I’ve been working with people and their money for over 30 years and there are some very basic mistakes I see folks make. Many of these seem like no-brainers, but in reality they are issues that get in the way of growing and maintaining wealth.

We work with a lot of very smart people who have been successful at accumulating wealth, but somehow, financial IQ doesn’t necessarily follow business or academic intelligence.

Here are my top 10 money-management mistakes you should avoid:

1. You let your political views direct your investment decisions. Markets don’t care what party is in office or what the latest cable news outlets have to say.

2. Your history of predicting bad markets is terrible, yet it doesn’t stop you from trying to predict what the market will do next. So, stop trying to be a market guru and trust the overwhelming evidence that trying to pick markets or the next best stock is a loser’s game. Decades of research overwhelmingly prove the futility of trying to time the market!

3. You work at a stressful job so you can make enough money to be less stressed! Do you see the irony in this? If your job or career is not suited for you, then the best financial advice is to find another career where you can love your work. The right livelihood usually results in higher earnings and better health.

4. You mistake your financial successes with skill and failures with bad luck. Yes, there is some luck involved (inheriting money does not make you a smarter investor) but generally those who regularly save and invest prudently do very well over time.

5. You say you will be greedy when others are fearful (ie. Warren Buffet) but then shrink with fear when the market drops 4 percent. Don’t fool yourself into thinking you are more of a risk taker then you really are – think back to 2008 and what you did then. Prudent investing means that sometimes you will lose money, but staying the course has always proven to be the most successful strategy.

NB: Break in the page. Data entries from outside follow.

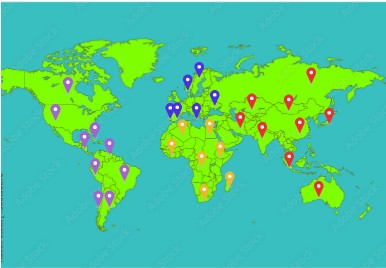Countries and Nationalities CARLOS MARTINEZ | Genially
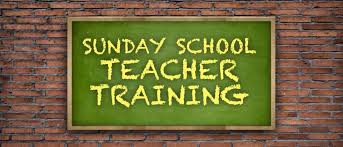 Sunday School Teacher Training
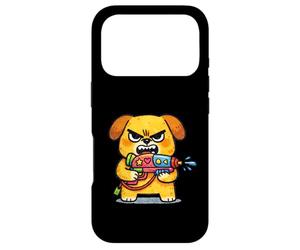 Chien Grincheux avec Blaster Coque pour iPhone 17 Pro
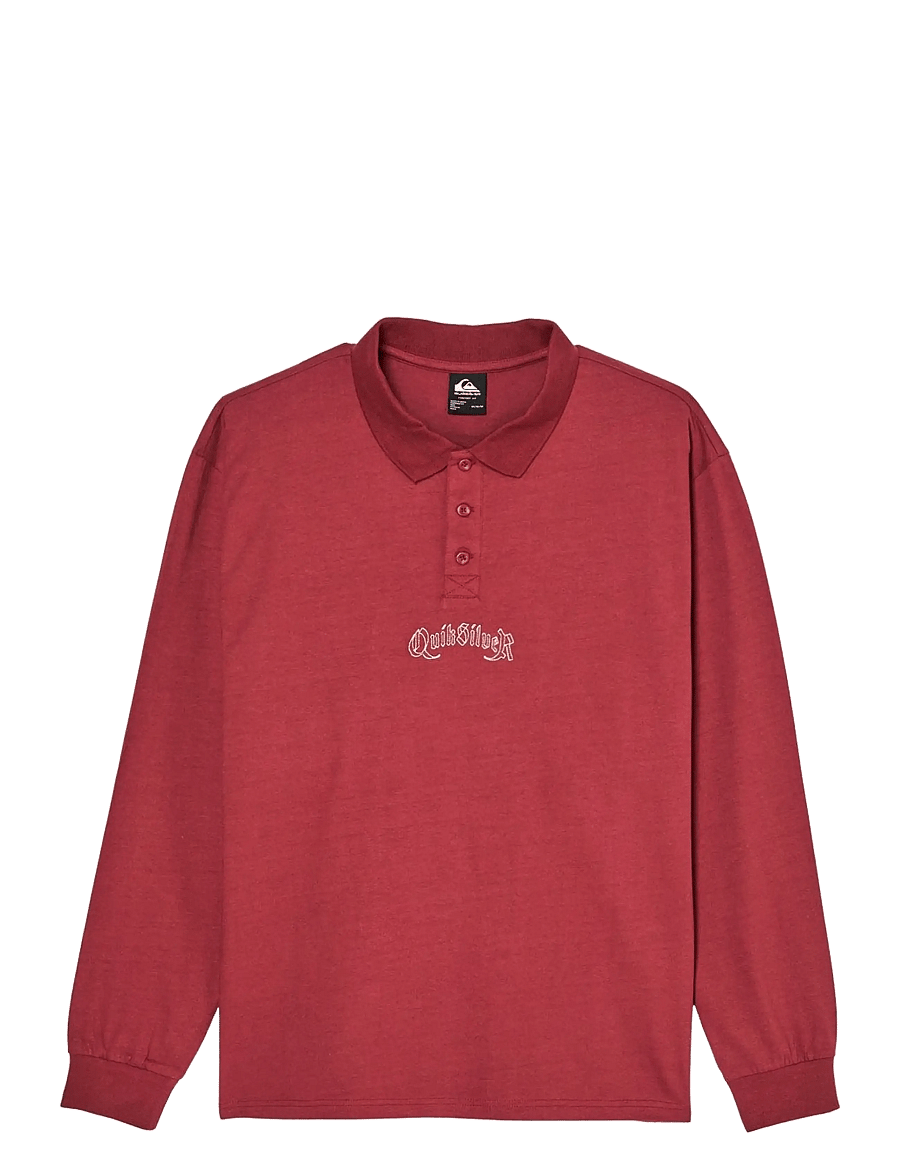 Quiksilver - BELEM HEAVY POLO - oxblood red - 1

6. You work so hard at making money yet don’t take the time to plan your finances. Most people spend more time planning vacations than they do their financial futures!

7. You don’t ask your financial adviser how he or she gets paid. Ask your adviser if she/he is acting as a fiduciary on your behalf. Fee only advice from an experienced and qualified adviser equates to objective, impartial counsel. Be wary of commissions, they can encourage more trading then necessary and can get in the way of putting your best interests first.

8. You think that your neighbor is living the high life and you think it’s because they are some investment geniuses, not because they inherited a lot of money from their parents who owned the local corner grocery story and saved most of their money. (Or, they may be living beyond their means and deep in debt!)

9. Your pessimism about investing stops you from making smart investment decisions. So you do nothing instead of taking control of your finances and getting needed help.

10. You use a doctor to manage your family’s health, an attorney to help you with your estate plan, a mechanic to fix your car but when it comes to your personal finance you listen to CNBC.